One lane is all that’s left of the only road into and out of Isle de Jean Charles.
School buses have stopped coming as rising seas frequently wash over the Island Road, cutting off access to the bayou south of New Orleans, vanishing along with the rest of coastal Louisiana.
In the 2014 documentary "Can’t Stop the Water," Chief Albert Naquin remembers where once Isle de Jean Charles was 5 miles across, his band of Biloxi-Chitimacha-Choctaw Indians now lives on a quarter-mile-wide strip.
The island, forsaken by coastal restoration plans, is expected to disappear by 2050 but probably sooner as maps are outdated as they’re drawn by accelerating erosion.
"The intensity of the land loss around Isle de Jean Charles is so extreme," said anthropologist Julie Maldonado, who has been working with the Isle de Jean Charles tribe for several years. "And it is a different intensity even than some other parts of Louisiana."
Maldonado led a panel discussion featuring a clip from the documentary yesterday on Capitol Hill. The discussion outlined not only the threat climate change poses to indigenous communities from Louisiana to Alaska, but also Naquin’s model for relocating a people while keeping their community and culture intact.
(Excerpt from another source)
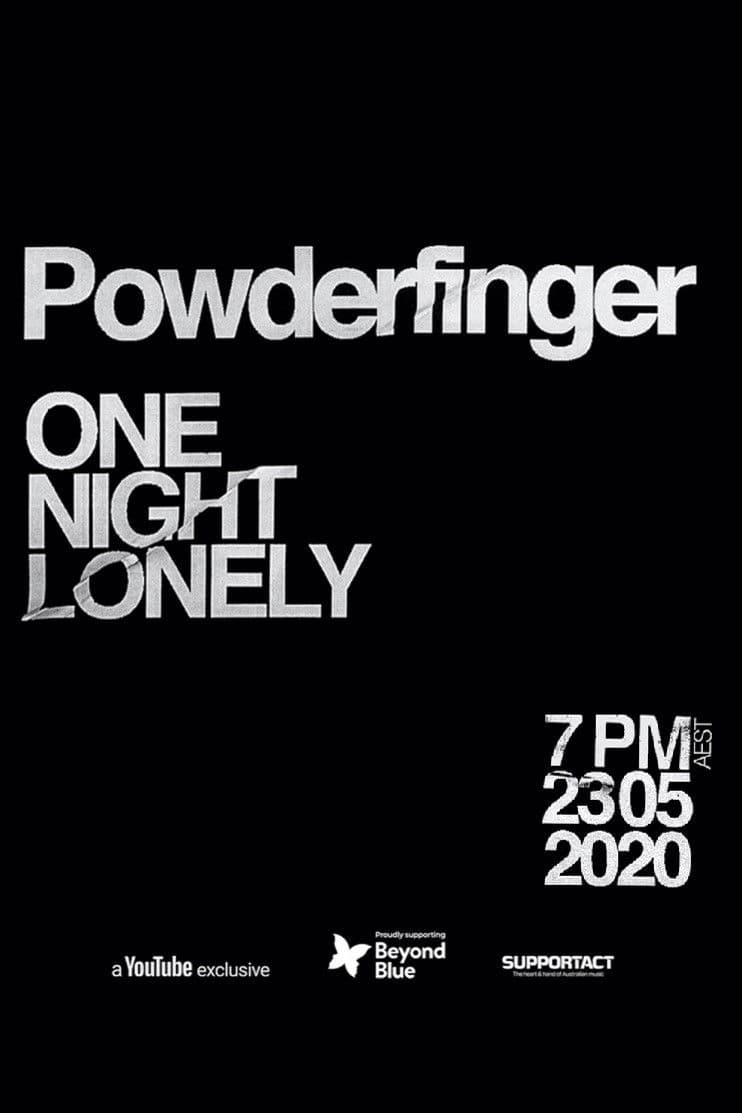 Poster backdrop for Powderfinger One Night Lonely
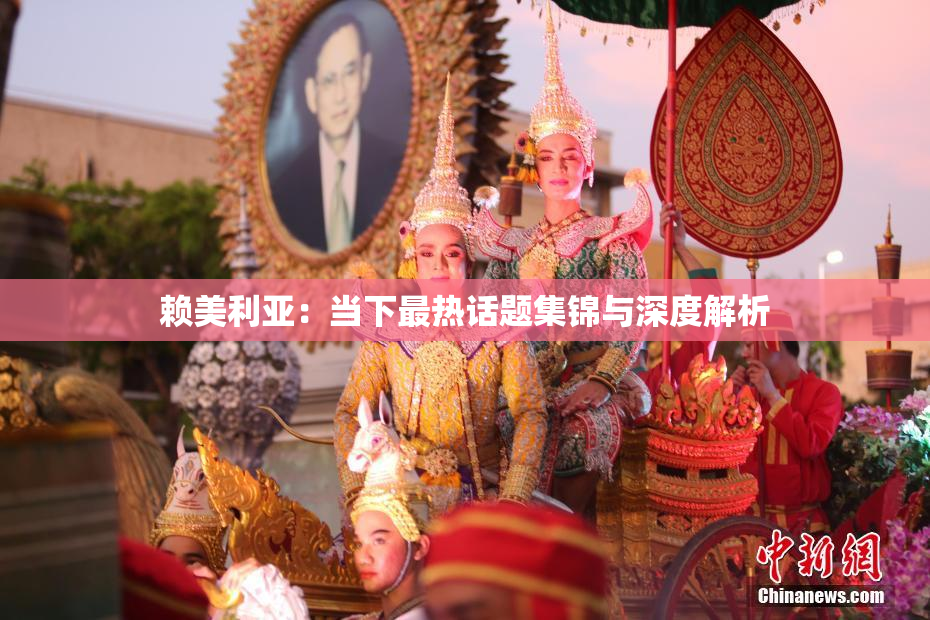 赖美利亚：当下最热话题集锦与深度解析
Isle de Jean Charles was a driving example behind recommendations outlined by the White House’s State, Local and Tribal Leaders Task Force on Climate Preparedness and Resilience, according to the Environmental and Energy Study Institute. The congressional study group convened the panel, which is part of an outreach effort by the tribe and advocates to raise awareness of tribal relocation issues.
"Indigenous peoples are the first and worst hit by the impacts of climate change because subsistence culture is based on intact habitats," said panelist Bob Gough, secretary for the Intertribal Council on Utility Policy.
The Isle de Jean Charles tribe has fished and clammed in the Mississippi River Delta for nearly 200 years, but members have moved before.
More than 600 tribal members today are the descendants of those who sought refuge in the bayou from the Trail of Tears, the forced relocation of the Southeast’s Native Americans following the Indian Removal Act of 1830.
Standing in for the chief on yesterday’s panel due to a family illness, tribal member J.R. Naquin remembered stories of his community building one another’s houses.
In 2002, there were 78 homes on Isle de Jean Charles, but a succession of hurricanes — Lili, Katrina, Rita, Ike, Issac and others — leveled all but 25 of them, accelerating the exodus as the island disappeared.
"Island people are a tight-knit group of people, but the erosion has chased a lot of people out," said Naquin, one of two-thirds of islanders who left following the storms.
"I moved so that I could keep on working," he said. "I miss it, I miss it a lot."
Rebuilding and coastal restoration efforts are underway across southern Louisiana, but Isle de Jean Charles, already sinking after decades of levees and oil and gas drilling, lies outside the scope of management plans.
Maldonado blasted Louisiana state officials for leaving the tribe out of consultations that included the petroleum and aquaculture industries.
The most recent repairs to the Island Road are to be the last, Naquin said, leaving his chief with little choice.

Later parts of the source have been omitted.